« Est-ce que l’UE peut maintenant aider à soigner les anciennes blessures ? »

Can the EU now help heal ancient wounds ?
Gulf News (Dubaï)

[AUTEUR] Patrick Seale est un analyste et auteur réputé sur le Proche-Orient. Il a notamment publié des ouvrages sur l’histoire contemporaine de la Syrie et une biographie d’Abu Nidal.

[RESUME] Cette semaine, Paul Wolfowitz le vice-secrétaire à la Défense états-unien, était à Ankara pour convaincre la Turquie de participer à une guerre contre l’Irak. Il n’a que partiellement réussi sa mission puisque, si le gouvernement turc a bien promis un soutien logistique aux États-Unis dans sa guerre, il a mis comme condition l’allocation d’une compensation financière et l’obtention d’une nouvelle résolution du Conseil de sécurité autorisant l’usage de la force contre Bagdad.
La Turquie ne s’est toujours pas remise économiquement de la guerre du Golfe et sa population, sensible aux souffrance du peuple irakien, est hostile à la guerre.
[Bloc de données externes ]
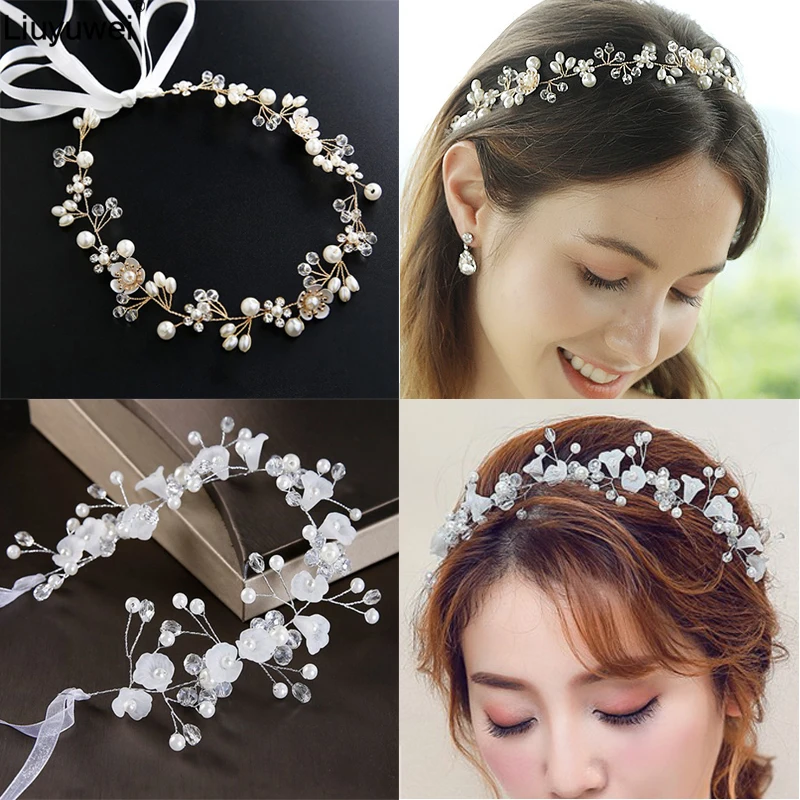 Diademas plateadas para joyería para cabello, tiara de cristal con perlas para novia, tocado, accesorios cabello para novia, regalo| | - AliExpress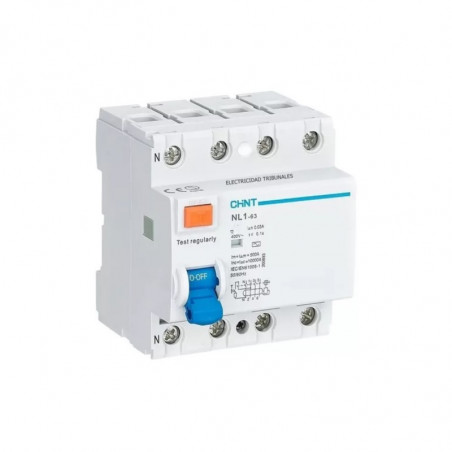 Disyuntor Tetrapolar CHINT 4x40A 30mA 6kA AC NXL-63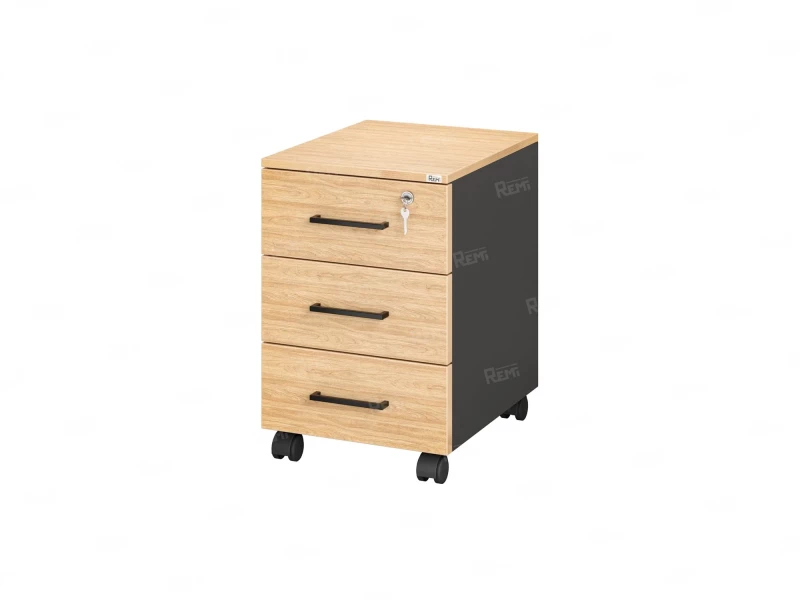 Тумба мобильная, 3 ящика 400x500x650 RM120-40x50 Вяз Швейцарский светлый/Черный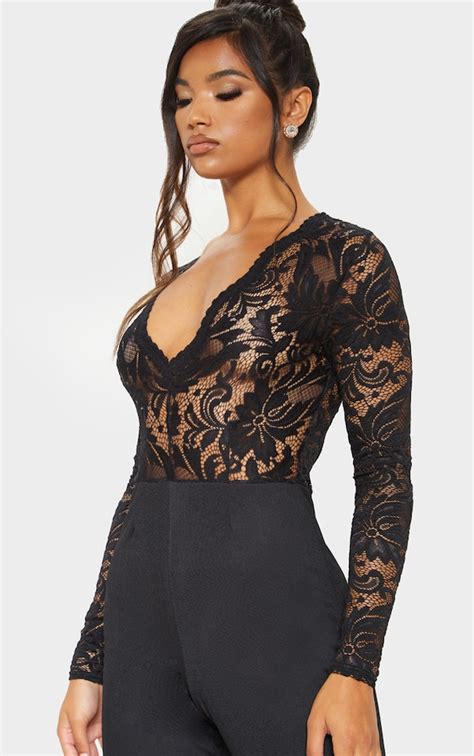 Black Lace Long Sleeve Plunge Jumpsuit Prettylittlething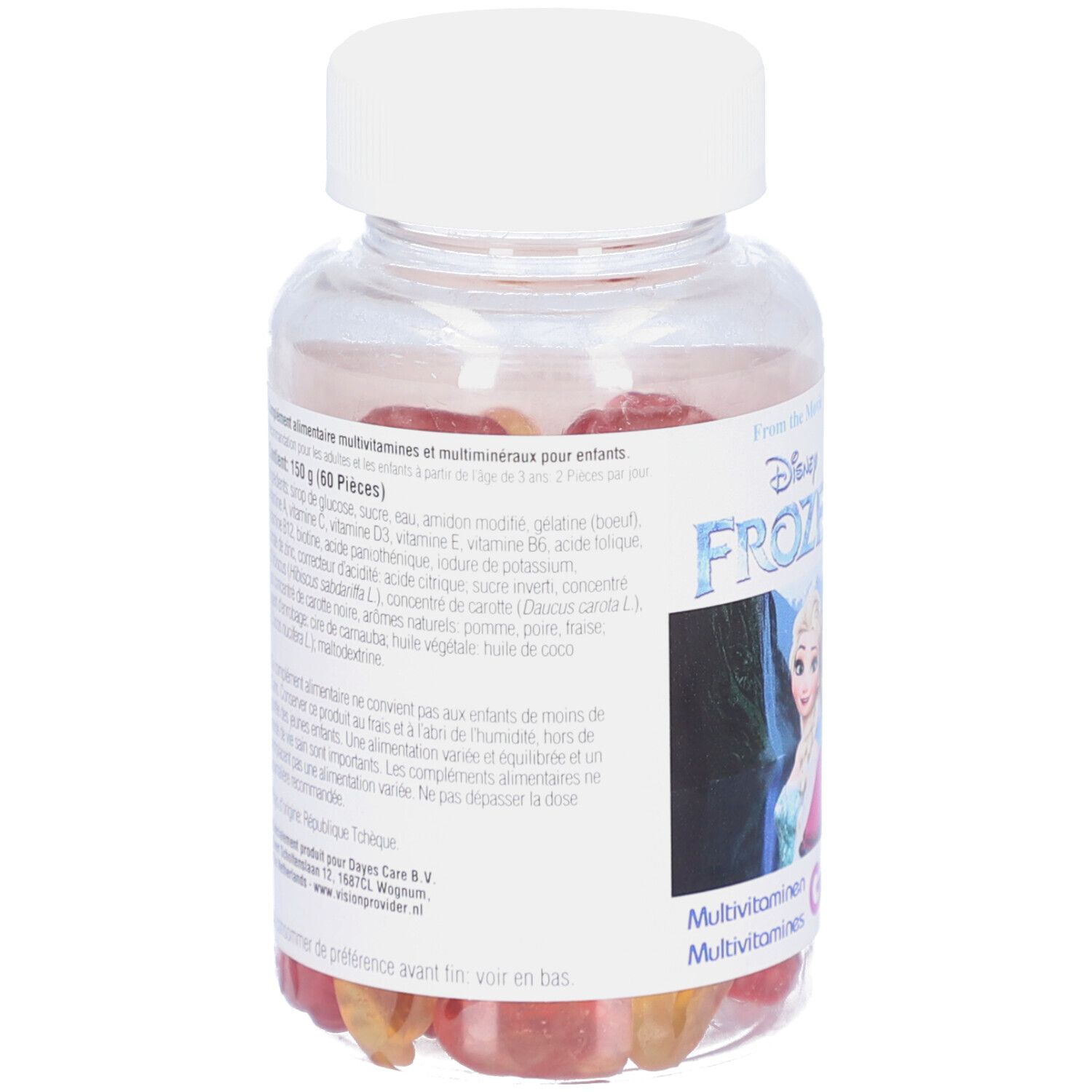 Flacon transparent avec bouchon blanc. Contient des gommes rouges et jaunes. Étiquette avec informations et motif Frozen.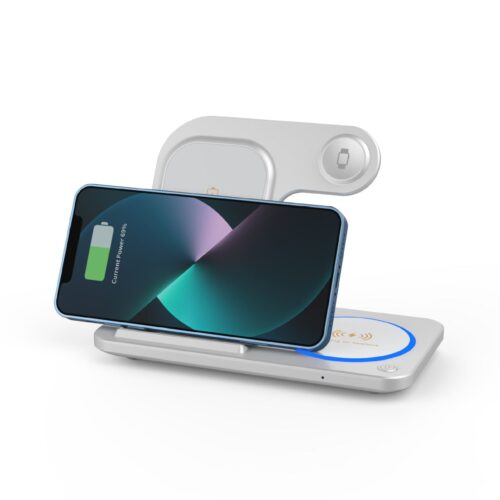 3-in-1 Foldable Wireless Charging Stand for Apple Watch, AirPods & iPhone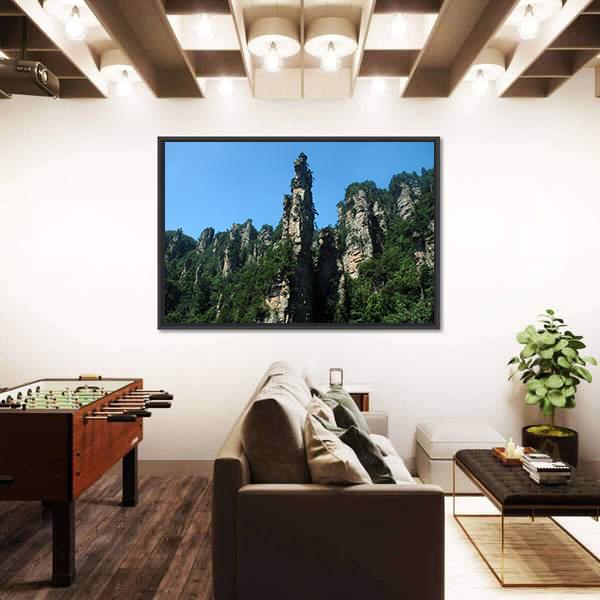 View Of Tianzishan Mountain Under Blue Sky In China Canvas Wall Art-3 Horizontal-Gallery Wrap-25" x 16"-Tiaracle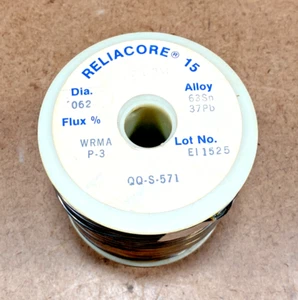 ALPHA Reliacore 15 Solder ~ 63Sn / 37Pb / Dia. .062 ~ 5 lbs Roll ~ Rosin Solder - Picture 1 of 6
Pourtant, elle ne peut qu’accepter les requêtes de Washington, car elle est membre de l’OTAN et dépendante économiquement d’Israël, des États-Unis et du FMI. De plus, la Turquie est redevable aux États-Unis en raison du lobbying effectué par l’administration Bush en faveur de l’adhésion de ce pays dans l’Union Européenne, priorité d’Ankara.
La Turquie sait que son adhésion à l’Union Européenne suscite des oppositions très fortes à l’intérieur de cette organisation, comme l’a montré la dernière déclaration de Valéry Giscard d’Estaing. D’ailleurs, si le sommet de Copenhague sera décisif pour la Turquie, il ne devrait pas aboutir pour autant à un échéancier des négociations avec la Turquie en raison des difficultés internes et extérieures de la Turquie, au premier rang desquelles on trouve la question chypriote.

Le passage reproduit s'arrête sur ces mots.